--- ASSIGNMENT ---
An exact copy of all the data is needed, with every picture left out.

LISTED ENTRIES Block Start

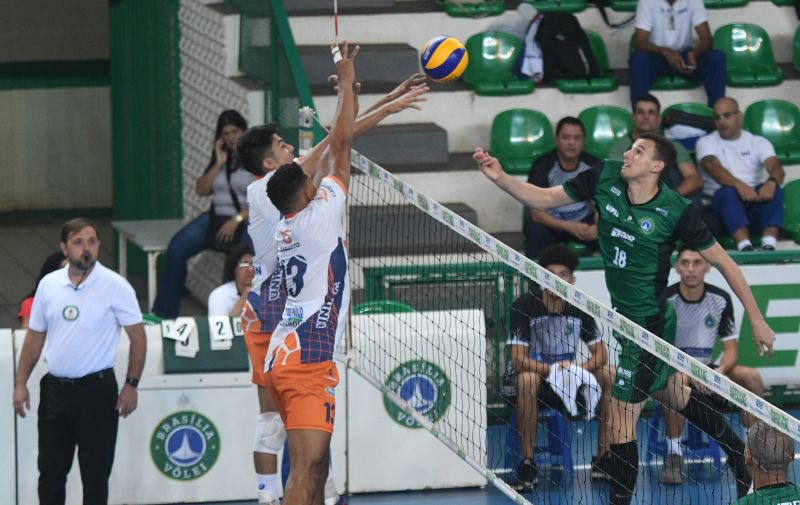 Assim como aconteceu com a competição feminina, a Superliga B masculina de vôlei está encerrada. Dessa forma, a classificação final da temporada 2020 ficou a seguinte: Vôlei Guarulhos (SP), Uberlândia (MG), Anápolis Vôlei (GO), Brasília Vôlei (DF), JF Vôlei (MG), Apav Vôlei (RS), Lavras Vôlei (MG), e São José Vôlei (SP).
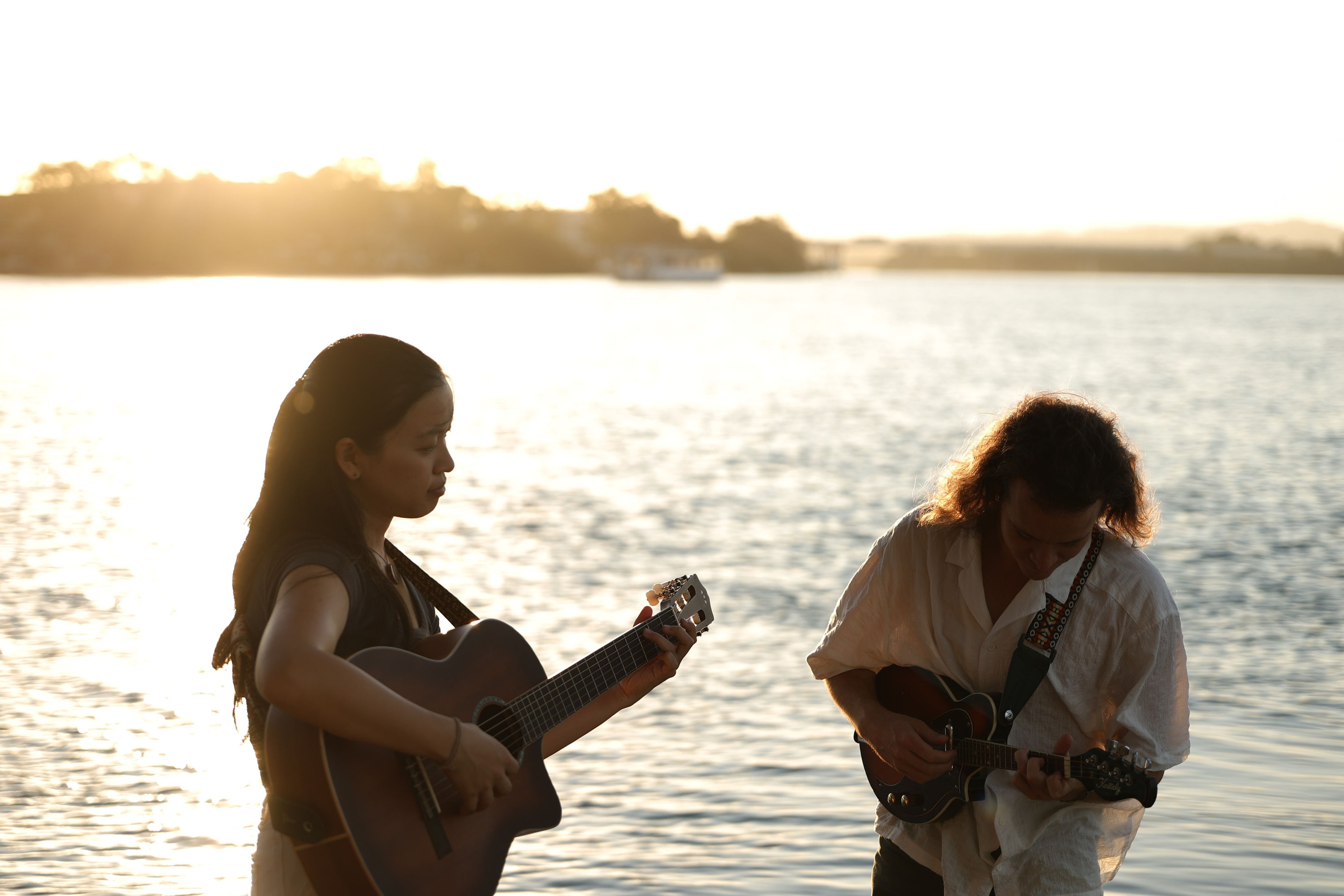Nathan Squire, folk singer in Sunshine Coast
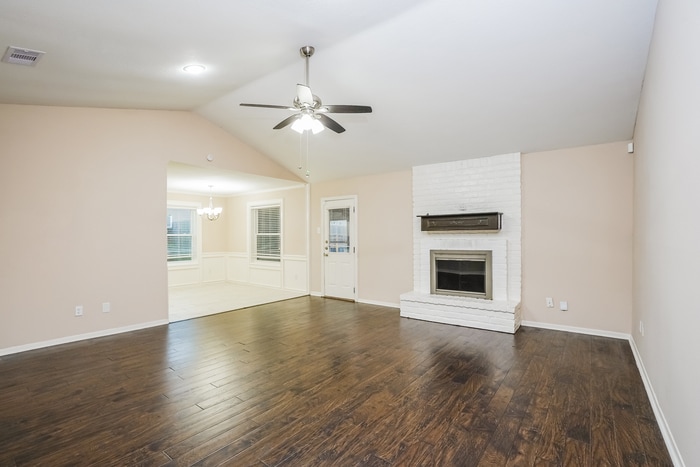 Building Photo - 152 Bastrop St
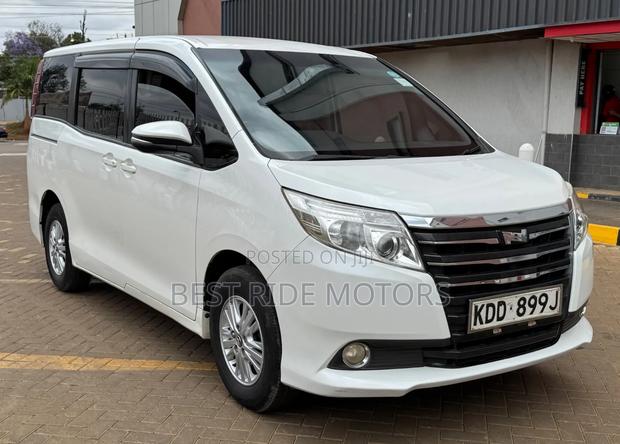 Toyota Noah 2.0 FWD (8 Seater) 2014 White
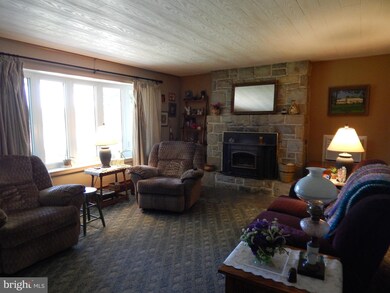 879 Hoffmansville Rd, Bechtelsville, PA 19505 - photo 6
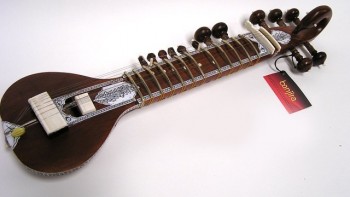 Saudara 'Kecil' Sitar, Surbahar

LISTED ENTRIES Block End

--- ANSWER SPACE ---
 Assim como aconteceu com a competição feminina, a Superliga B masculina de vôlei está encerrada. Dessa forma, a classificação final da temporada 2020 ficou a seguinte: Vôlei Guarulhos (SP), Uberlândia (MG), Anápolis Vôlei (GO), Brasília Vôlei (DF), JF Vôlei (MG), Apav Vôlei (RS), Lavras Vôlei (MG), e São José Vôlei (SP).
Nathan Squire, folk singer in Sunshine Coast
 Building Photo - 152 Bastrop St
 Toyota Noah 2.0 FWD (8 Seater) 2014 White
 879 Hoffmansville Rd, Bechtelsville, PA 19505 - photo 6
 Saudara 'Kecil' Sitar, Surbahar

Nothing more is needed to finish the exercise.